Avoiding glucocorticoid administration in a neurooncological case.

Restricting glucocorticoid (GC) use in the treatment of patients with a solid tumor may help improving outcome. Here, we report administration of celecoxib rather than dexamethasone to prevent brain edema in a patient with a cerebellar glioblastoma multiforme WHO grade IV (GBM) upon the patient's request, as well as determining cerebrospinal fluid (CSF) and serum concentrations. CSF concentration (0.04 microM) was 54 times below serum concentration (2.18 microM), or 2500 times below levels inhibiting GBM cells in vitro (100 microM), revealing a blood CSF barrier for celecoxib. The patient did not require dexamethasone for the entire treatment. GC administration hence was avoided successfully in this case. The role of COX-2 inhibitors in treatment of GBM is detailed, leading to the conclusion of a pressing need for a clinical evaluation of non-steroidal COX-2 inhibitors with the ability to penetrate into brain tumors.

Central nervous system concentrations of cyclooxygenase-2 inhibitors in humans.
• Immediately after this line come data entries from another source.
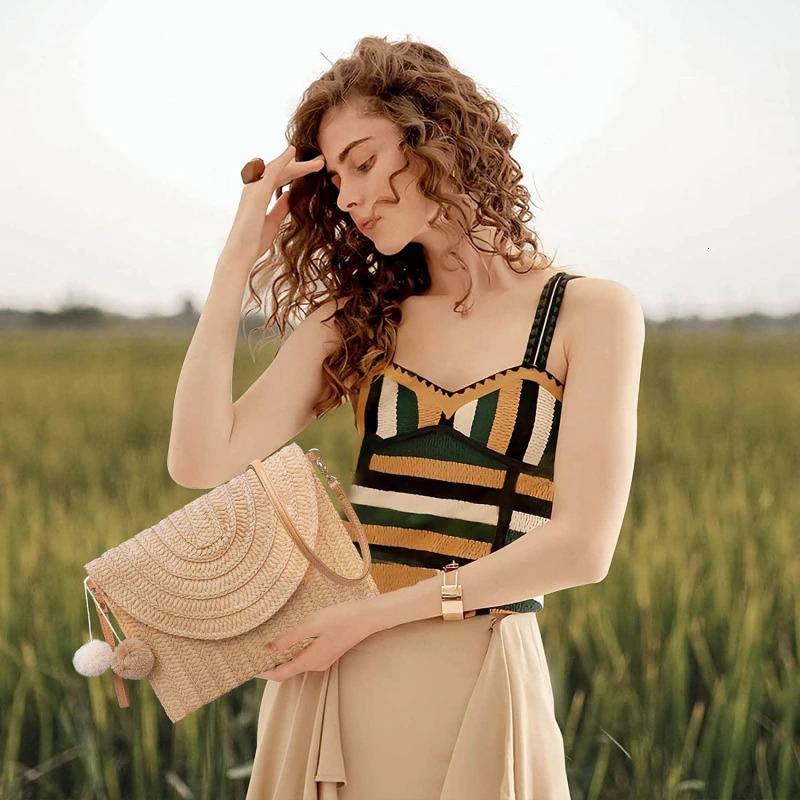 Woven clutch bag for women fashionable simple solid straw suitable late summer leisure vacation big wallet 240808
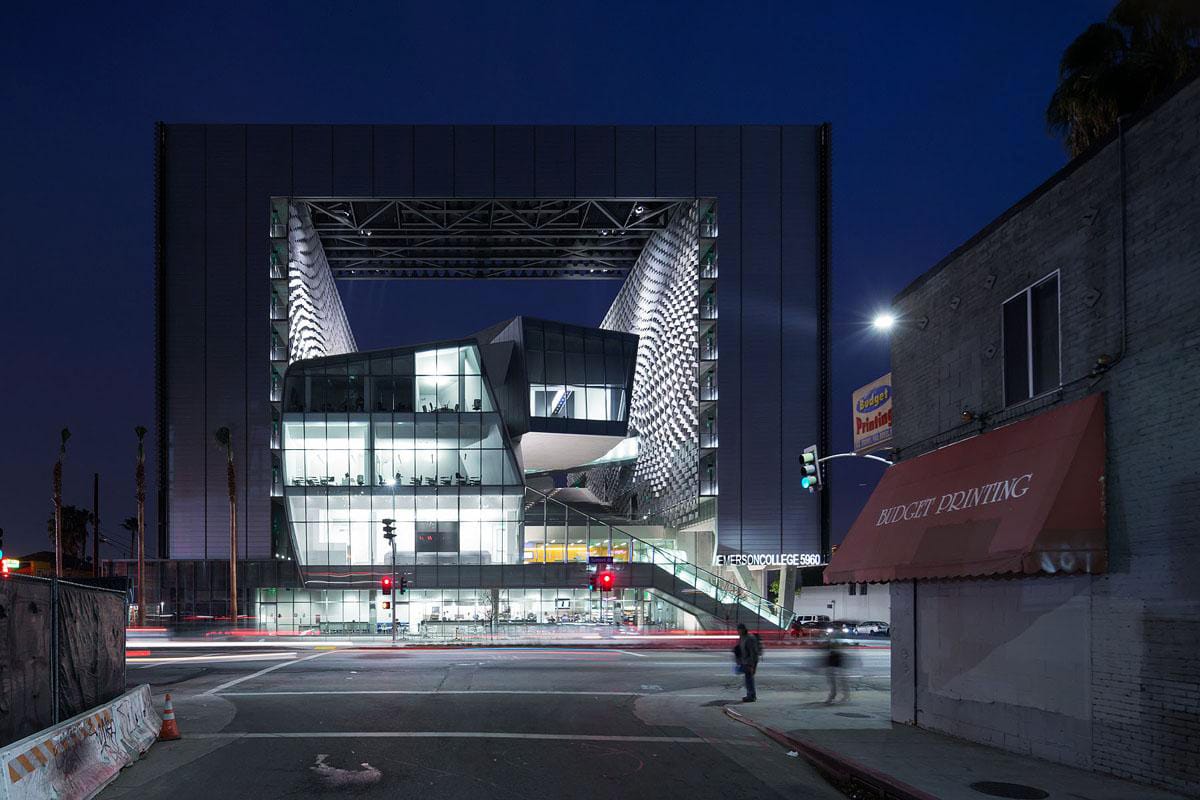 Kaliforniya’da bir öğrenci yurdu, öğretim tesisleri ve idari ofisler: Morphosis Mimarlar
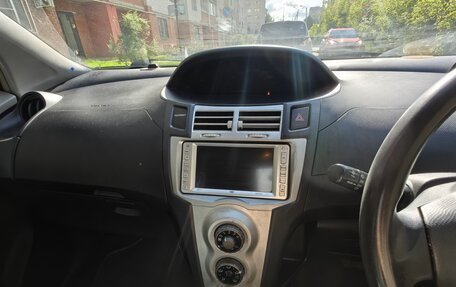 Toyota Vitz, 2005 год, 400 000 рублей, 17 фотография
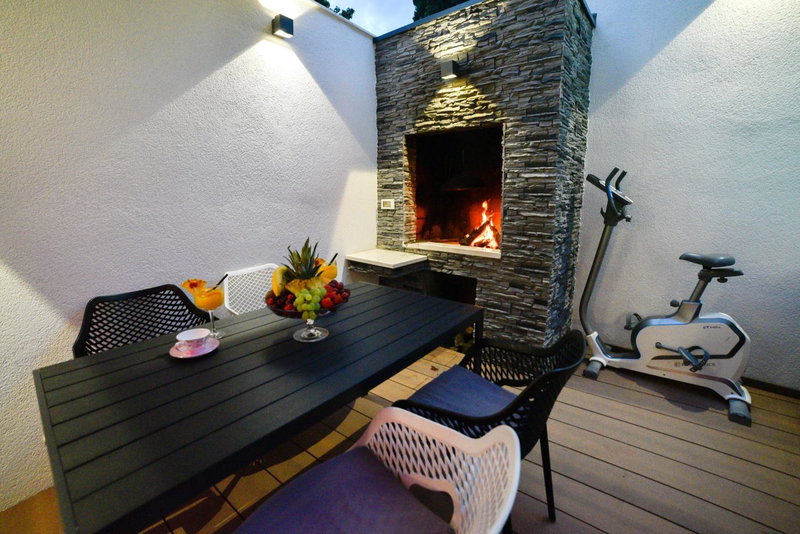 Luxury Apartment Knezovic, Sinj, Croatia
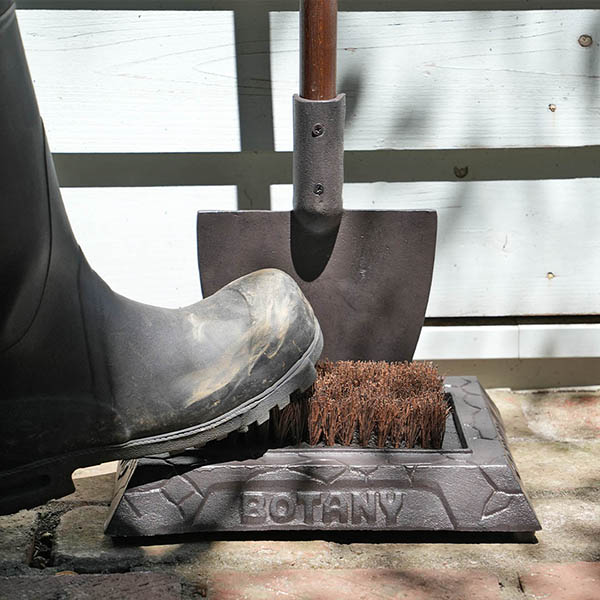 思わず引き抜きたくなる、ガーデンツールをモチーフにしたブーツブラシ。 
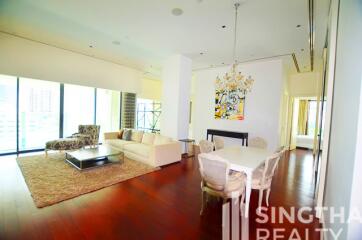 For SALE : Le Raffine Jambu Dvipa Sukhumvit 39 / 2 Bedroom / 3 Bathrooms / 237 sqm / 41500000 THB [6246623]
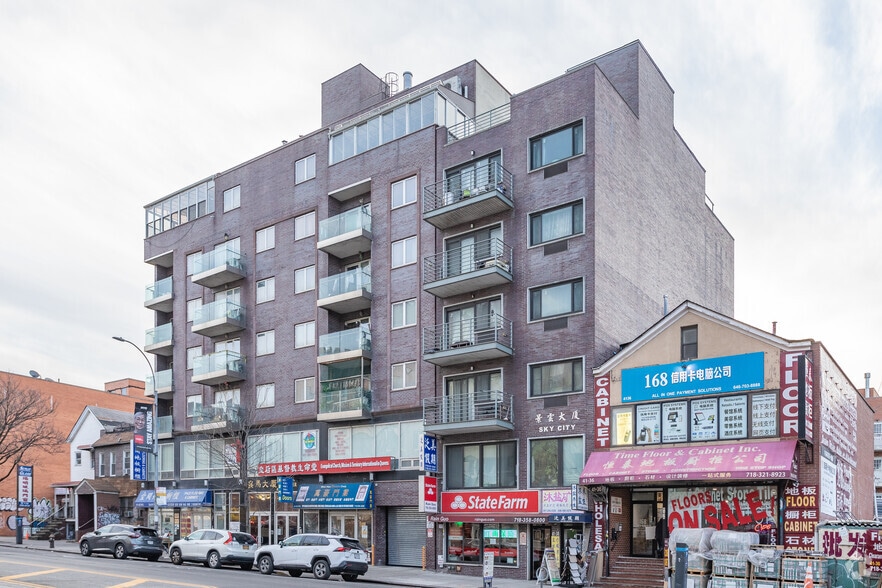 4142 College Point Blvd, Flushing, NY for sale - Primary Photo - Image 1 of 40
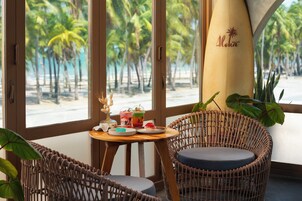 2 restaurants, spécialités Cuisine locale et internationale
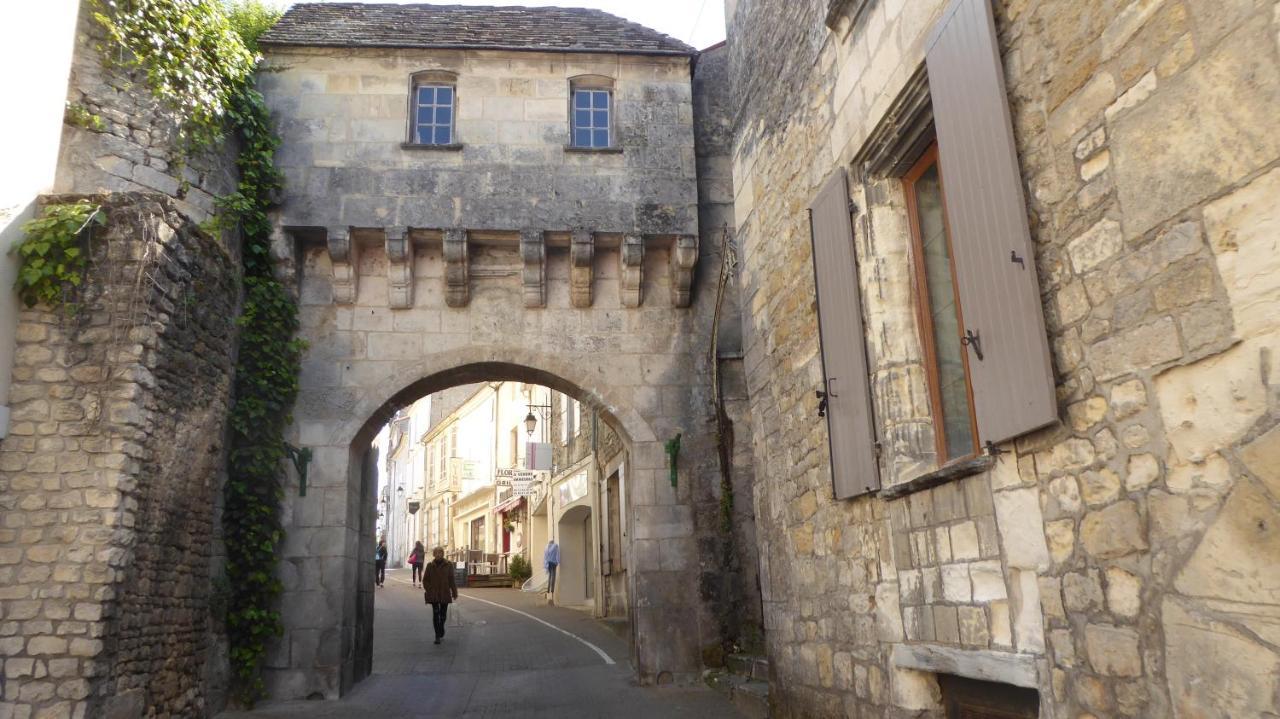 Bed and Breakfast Bienvenue A La Fremigere Jonzac Exterior foto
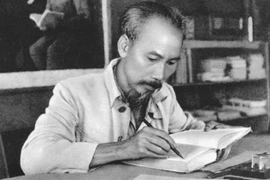 Legado del Presidente Ho Chi Minh heredado y promovido por generaciones de vietnamitas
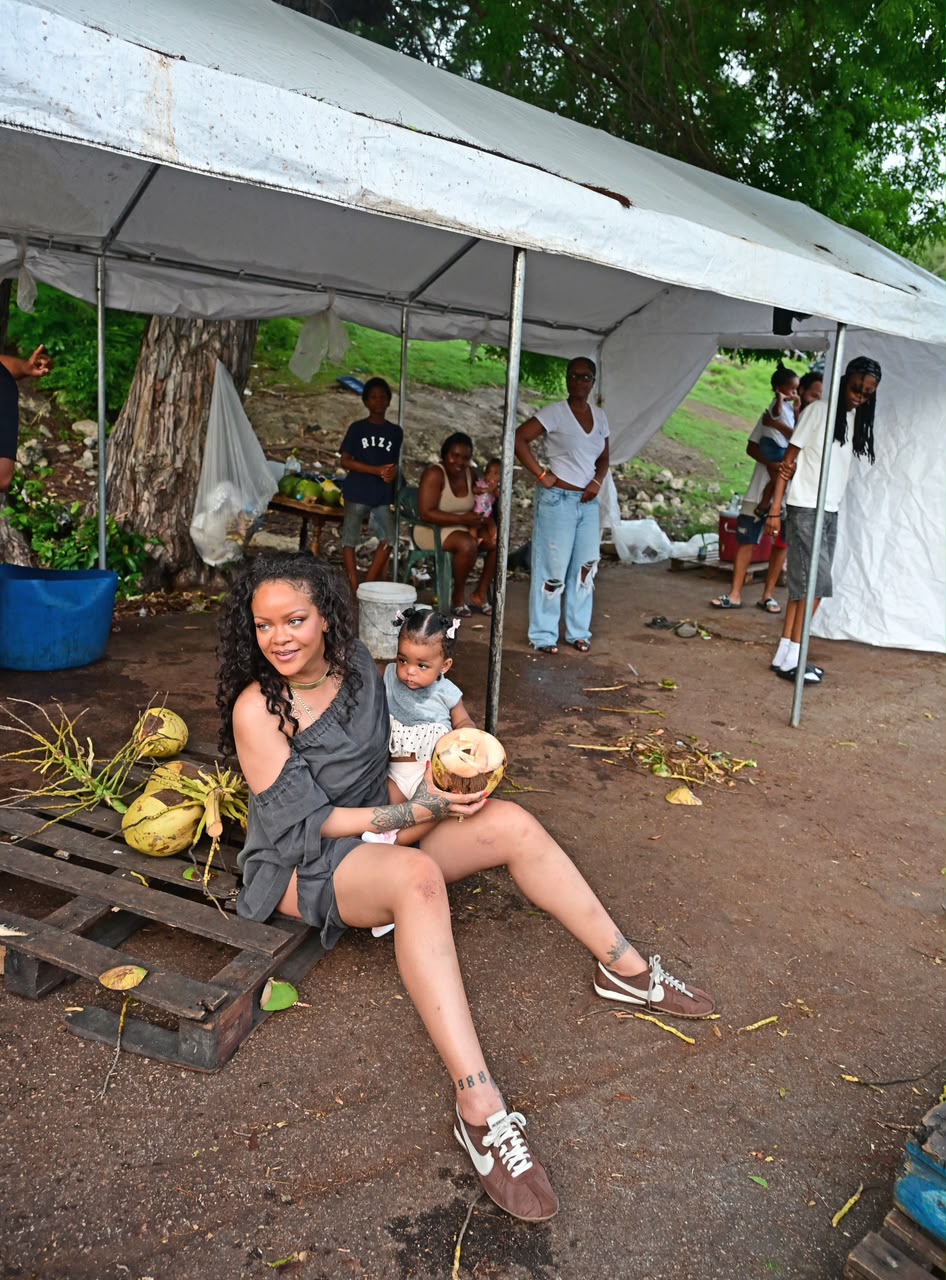 Rihanna curte Barbados com os filhos em momento de imersão cultural Rihanna curte Barbados com os filhos em momento de imersão cultural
BACKGROUND: Cyclooxygenase-2 (COX-2)-selective inhibitors (coxibs) are under investigation for the potential therapy, attenuation, or prevention of neuroinflammatory and neurodegenerative disorders. Coxibs are also a significant advance in pain therapy and are traditionally considered to achieve analgesia via peripheral effects. However, in animals, central nervous system (CNS) COX-2 activity and prostanoid concentrations are increased by peripheral inflammation, central sensitization has been proposed to account for long-term pain-related phenomena, and coxibs achieve significant cerebrospinal fluid (CSF) concentrations and may cause analgesia via CNS action. Nevertheless, it remains unknown whether or which coxibs reach the CNS in humans. This investigation determined whether coxibs can reach the CNS in humans, based on CSF concentrations. METHODS: Ten healthy human volunteers simultaneously received a single oral dose of celecoxib (200 mg), rofecoxib (50 mg), and valdecoxib (40 mg). Blood and CSF were serially sampled for 10 h, and plasma total and unbound and CSF coxib concentrations were quantified by mass spectrometry. RESULTS: Total plasma concentrations and time to maximum plasma concentration were similar among the three coxibs. In contrast, unbound (free) plasma concentrations differed significantly. Maximum unbound plasma concentrations were 1.4 +/- 0.5, 42 +/- 17, and 6.0 +/- 2.9 ng/ml, respectively, for celecoxib, rofecoxib, and valdecoxib. COX-2 inhibitors rapidly penetrated the CNS. Maximum CSF concentrations were 2 +/- 2, 57 +/- 25, and 10 +/- 4 ng/ml, respectively, for celecoxib, rofecoxib, and valdecoxib. CSF concentrations exceeding the median inhibitory concentration for COX-2 were achieved by rofecoxib and valdecoxib but not celecoxib. CONCLUSIONS: These results show that coxibs do reach the CNS in humans, with rapid penetration, and in concentrations apparently sufficient to inhibit COX-2 activity. There were significant differences among coxibs in CSF penetration. Unbound (free) plasma coxib concentration was the major determinant of CSF concentration. This supports the hypothesis that coxibs may act, in part, in the human CNS, provide important new information on the mechanism and treatment of pain and may guide coxib selection for therapeutic trials when CNS penetration is desirable.